US-UK trade deal 

>As the global economy recovers from the turmoil of the COVID-19 pandemic and grapples with disruptions caused by Russia’s invasion of Ukraine, the U.K. government sees the negotiation of new free trade agreements as a major part of its economic and geopolitical agenda.

>In Washington, the mood is very different. Following the 2016 presidential election, in which both candidates opposed the Trans-Pacific Partnership negotiated by the Obama administration, the free trade orthodoxy that drove U.S. trade policy for decades is no longer ascendant.

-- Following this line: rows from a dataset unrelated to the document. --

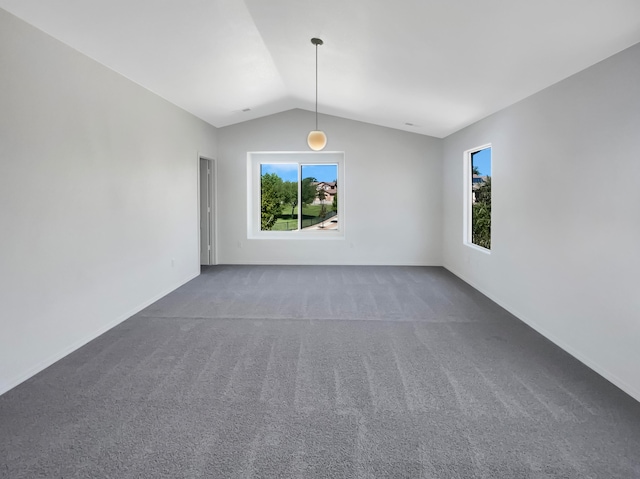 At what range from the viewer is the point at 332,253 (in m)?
7.37

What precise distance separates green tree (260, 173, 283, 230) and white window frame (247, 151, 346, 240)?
93 millimetres

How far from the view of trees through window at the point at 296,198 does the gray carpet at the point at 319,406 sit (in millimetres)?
3828

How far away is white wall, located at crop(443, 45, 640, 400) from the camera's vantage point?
8.42 feet

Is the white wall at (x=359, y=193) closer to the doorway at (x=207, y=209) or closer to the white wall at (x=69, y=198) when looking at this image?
the doorway at (x=207, y=209)

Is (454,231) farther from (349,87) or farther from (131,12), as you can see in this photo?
(131,12)

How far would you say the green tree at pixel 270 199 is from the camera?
7.71 meters

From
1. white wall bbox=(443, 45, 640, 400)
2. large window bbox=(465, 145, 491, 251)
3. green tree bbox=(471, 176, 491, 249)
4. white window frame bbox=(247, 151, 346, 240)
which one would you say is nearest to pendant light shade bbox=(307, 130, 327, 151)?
white wall bbox=(443, 45, 640, 400)

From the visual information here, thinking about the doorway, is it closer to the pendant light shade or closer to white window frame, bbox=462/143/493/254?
the pendant light shade

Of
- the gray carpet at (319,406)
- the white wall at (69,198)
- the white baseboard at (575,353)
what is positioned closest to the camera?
the gray carpet at (319,406)

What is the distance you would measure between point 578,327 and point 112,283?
14.4ft

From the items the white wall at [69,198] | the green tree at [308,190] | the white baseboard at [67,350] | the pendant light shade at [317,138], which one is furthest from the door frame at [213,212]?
the pendant light shade at [317,138]

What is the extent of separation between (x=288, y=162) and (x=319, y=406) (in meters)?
5.88

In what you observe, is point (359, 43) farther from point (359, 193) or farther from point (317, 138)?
point (359, 193)

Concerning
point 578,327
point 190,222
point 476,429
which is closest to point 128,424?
point 476,429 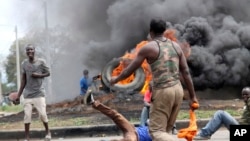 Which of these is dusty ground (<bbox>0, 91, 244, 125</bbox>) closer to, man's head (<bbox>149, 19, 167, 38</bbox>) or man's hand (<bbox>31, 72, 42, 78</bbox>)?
man's hand (<bbox>31, 72, 42, 78</bbox>)

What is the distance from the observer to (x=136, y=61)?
530 centimetres

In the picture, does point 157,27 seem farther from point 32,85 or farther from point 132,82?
point 132,82

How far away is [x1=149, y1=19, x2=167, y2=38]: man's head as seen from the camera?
5.38 m

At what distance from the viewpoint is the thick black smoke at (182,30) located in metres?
21.5

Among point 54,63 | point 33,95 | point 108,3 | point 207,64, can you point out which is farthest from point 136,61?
point 54,63

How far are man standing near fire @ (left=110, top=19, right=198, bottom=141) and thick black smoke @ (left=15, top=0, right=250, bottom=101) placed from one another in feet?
45.8

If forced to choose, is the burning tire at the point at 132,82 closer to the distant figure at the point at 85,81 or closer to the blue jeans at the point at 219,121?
the distant figure at the point at 85,81

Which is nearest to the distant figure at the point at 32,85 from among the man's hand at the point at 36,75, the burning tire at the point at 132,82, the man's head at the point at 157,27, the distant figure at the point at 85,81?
the man's hand at the point at 36,75

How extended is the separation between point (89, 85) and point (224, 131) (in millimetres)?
6526

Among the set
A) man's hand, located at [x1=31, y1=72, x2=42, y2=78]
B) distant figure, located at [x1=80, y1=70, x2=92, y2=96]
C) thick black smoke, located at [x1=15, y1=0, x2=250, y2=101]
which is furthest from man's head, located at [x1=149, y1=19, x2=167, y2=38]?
thick black smoke, located at [x1=15, y1=0, x2=250, y2=101]

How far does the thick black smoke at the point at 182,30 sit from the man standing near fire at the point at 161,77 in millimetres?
13950

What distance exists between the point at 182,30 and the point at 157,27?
1678 cm

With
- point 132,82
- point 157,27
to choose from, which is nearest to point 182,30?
point 132,82

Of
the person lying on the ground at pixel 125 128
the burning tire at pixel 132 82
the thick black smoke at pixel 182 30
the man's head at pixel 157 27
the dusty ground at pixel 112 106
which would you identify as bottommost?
the dusty ground at pixel 112 106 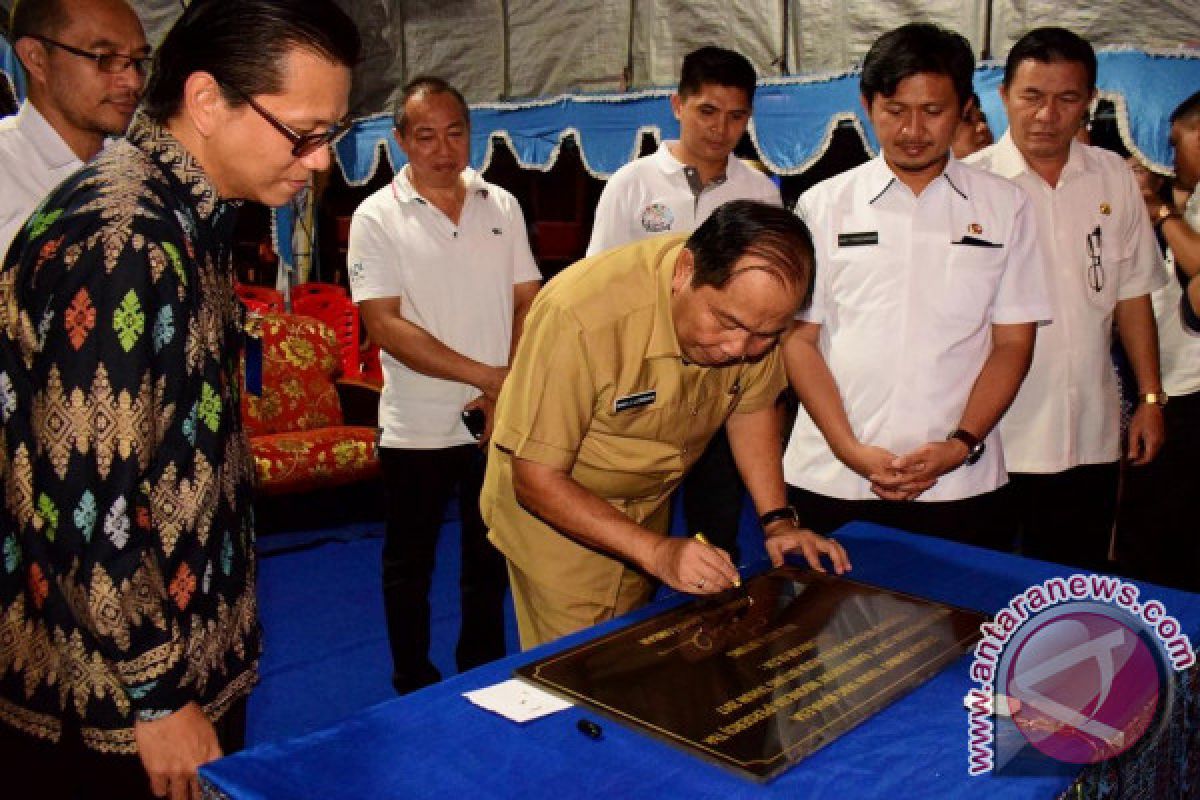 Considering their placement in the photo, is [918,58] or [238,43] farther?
[918,58]

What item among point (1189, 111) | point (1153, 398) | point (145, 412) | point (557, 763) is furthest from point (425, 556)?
point (1189, 111)

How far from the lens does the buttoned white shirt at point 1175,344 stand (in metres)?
3.02

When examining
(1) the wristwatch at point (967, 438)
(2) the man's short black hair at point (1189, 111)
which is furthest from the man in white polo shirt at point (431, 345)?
(2) the man's short black hair at point (1189, 111)

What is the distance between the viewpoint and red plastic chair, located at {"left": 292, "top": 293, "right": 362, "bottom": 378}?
5.93 metres

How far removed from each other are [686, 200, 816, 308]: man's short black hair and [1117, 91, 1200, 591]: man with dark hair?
179 centimetres

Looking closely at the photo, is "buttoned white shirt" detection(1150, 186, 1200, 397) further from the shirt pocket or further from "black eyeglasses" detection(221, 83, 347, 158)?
"black eyeglasses" detection(221, 83, 347, 158)

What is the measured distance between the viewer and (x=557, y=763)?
1.15 metres

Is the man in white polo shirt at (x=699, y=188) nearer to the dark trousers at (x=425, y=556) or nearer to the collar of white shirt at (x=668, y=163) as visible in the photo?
the collar of white shirt at (x=668, y=163)

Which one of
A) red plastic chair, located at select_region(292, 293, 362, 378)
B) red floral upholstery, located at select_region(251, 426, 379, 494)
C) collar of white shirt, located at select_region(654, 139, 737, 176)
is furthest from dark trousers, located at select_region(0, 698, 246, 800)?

>In its place, Democrats—and some Republicans—have adopted a more judicious approach that views trade as a tool for advancing other interests, such as the workers’ rights and protection of the planet, rather than an end unto itself. During his 2020 campaign, now-U.S. President Joe Biden pledged not to agree to any new trade deals “until we’ve made major investments here at home, in our workers and our communities.”

>U.S. Trade Representative Katherine Tai has called free trade agreements a “very 20th-century tool” and has led the Biden administration in developing novel trade arrangements with Asian and European partners. The most prominent of these arrangements, the Indo-Pacific Economic Framework (IPEF) currently being negotiated with a number Asian and Pacific countries, notably does not involve market access but rather a suite of commitments touching on key sectors and standards such as digital governance, supply chains, taxation, and decarbonization.

As the US continues to pull back from maintaining the geopolitical order we established and instead focus inward, issues like bilateral trade deals with our sixth largest trading partner are proving difficult to capture our interest.